EXERCISE OBJECTIVE:
From the material below, copy exactly the lines beginning with the one that contains "Totalitas Tanpa Batas, Aamir" and ending with the one that contains "The Lookout Inn Lodge - фото 14"; the pictures stay out.

THE DATA:
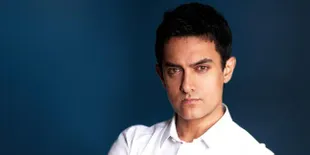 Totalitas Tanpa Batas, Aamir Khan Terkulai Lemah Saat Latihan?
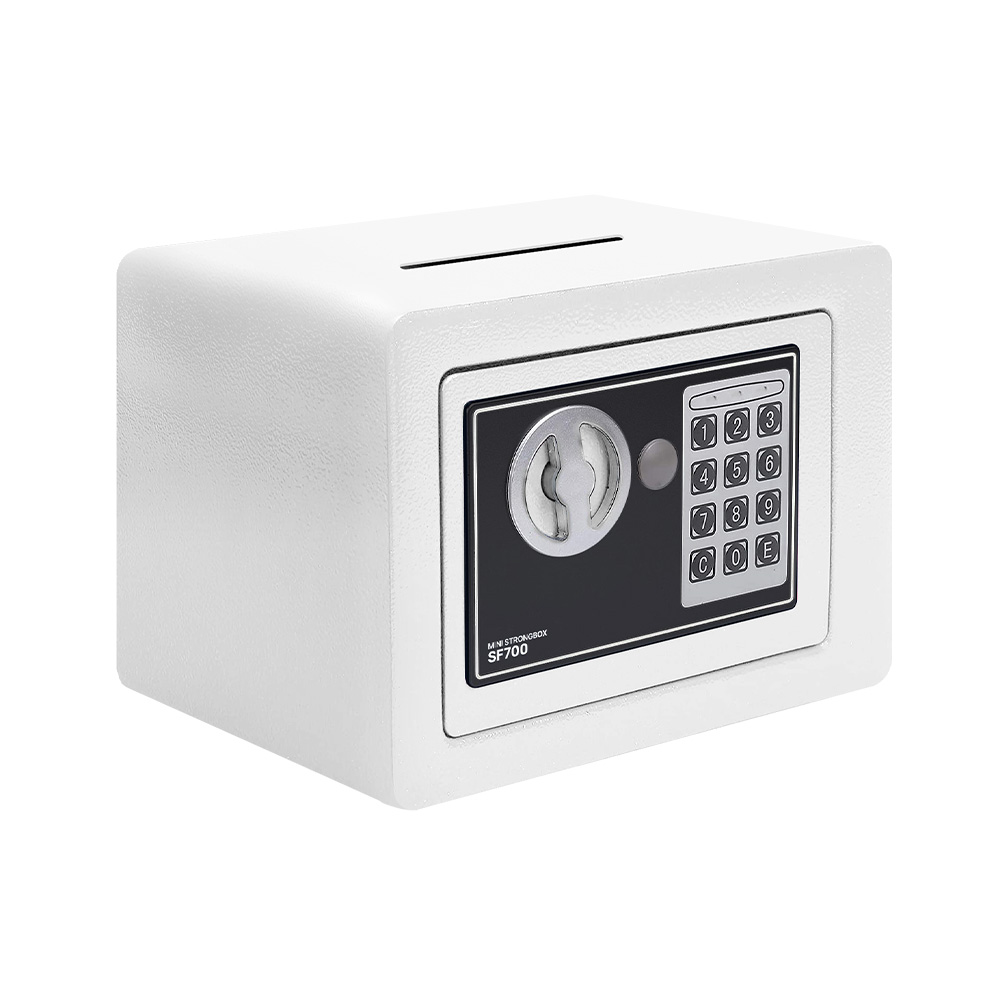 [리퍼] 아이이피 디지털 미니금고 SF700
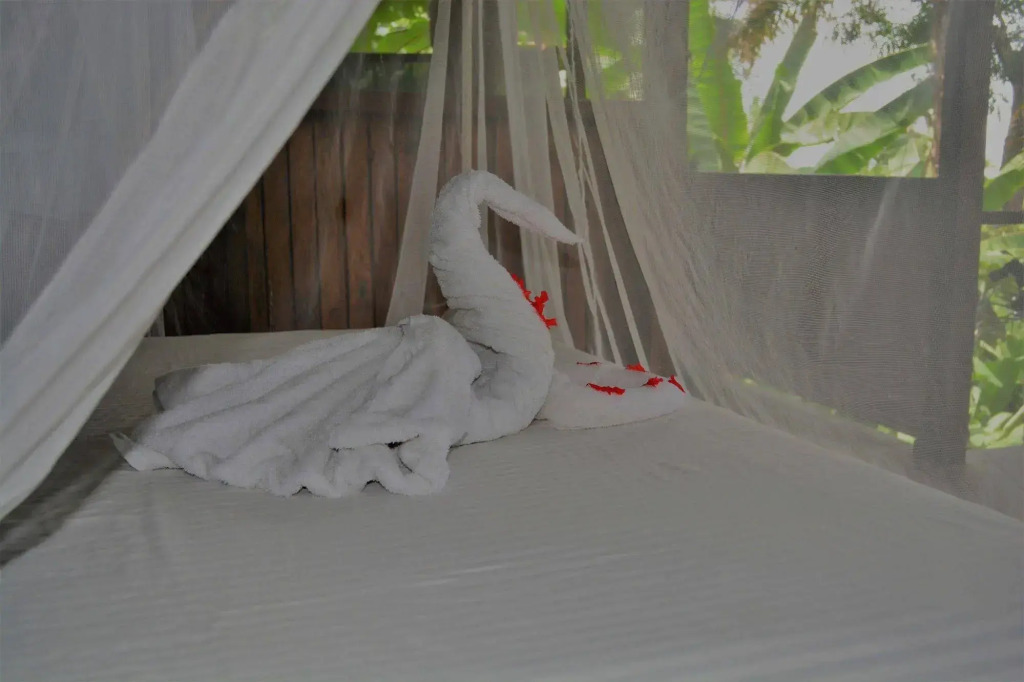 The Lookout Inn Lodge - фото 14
---
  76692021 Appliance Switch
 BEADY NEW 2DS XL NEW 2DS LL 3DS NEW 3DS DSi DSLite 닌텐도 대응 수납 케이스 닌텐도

TASK RESPONSE:
 Totalitas Tanpa Batas, Aamir Khan Terkulai Lemah Saat Latihan?
 [리퍼] 아이이피 디지털 미니금고 SF700
 The Lookout Inn Lodge - фото 14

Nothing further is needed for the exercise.